Looking at Men and Le Modèle noir anatomise how nineteenth- and twentieth-century art modelled the modern body and moulded embodied subjectivities. Together, these volumes tell the story of how the othered flesh of studio models – marked by class and race – was transformed by artists into models of ideal beauty, of the human machine, of blackness, of liberation, and of modernity, to name but a few. Both remain sensitive to the actual bodies and subjectivities thus transformed and, by returning them to art historical visibility, enrich our understanding of this artistic corpus, while themselves offering models for its study. Looking at Men investigates how a distinctly modern configuration of embodied masculinity – by turns potent and precarious – was constituted from the traffic between art and medicine in the nineteenth century. Across five chapters, Anthea Callen deftly navigates the reader through the many facets of what she terms the ‘pan-European medico-artistic alliance’, inculcating us into a male-dominated ‘body club’ of artists and doctors (p. 12). Callen argues that the social, material, and conceptual forms and practices of art and medicine operated along a continuum. To wit, artists and doctors routinely rubbed elbows, with the homosociality of the operating theatre and dissection room bleeding into the art school anatomy class and professional atelier.
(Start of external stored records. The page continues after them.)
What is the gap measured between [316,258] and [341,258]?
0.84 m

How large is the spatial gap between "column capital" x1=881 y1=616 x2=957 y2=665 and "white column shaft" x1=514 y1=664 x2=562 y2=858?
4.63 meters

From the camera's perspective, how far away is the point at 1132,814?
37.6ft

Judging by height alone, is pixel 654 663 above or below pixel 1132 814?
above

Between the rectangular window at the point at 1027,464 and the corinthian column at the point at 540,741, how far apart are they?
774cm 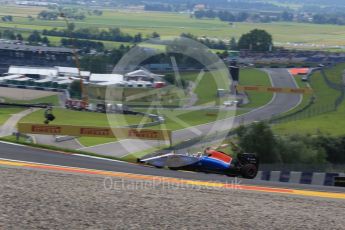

In these spaces the modern body gestated, with ‘scalpel–chisel–burin–pencil–brush’ (p. 16) incising and forming ‘flesh–wax–clay–plaster–paint’ (p. 18). As Callen shows, such bodies were not immaculately conceived, but were rather the consequence of modernity’s congress with the classical beau idéal. Visual cultures of anatomy – including sport, medicine, and anthropology – comprised the systems in which these bodies could circulate. In short, Looking at Men vividly articulates how the ‘human clay’ (p. 18) was moulded into modern men; its subtle and nuanced dissection of the discourses that made this process possible is a singular achievement.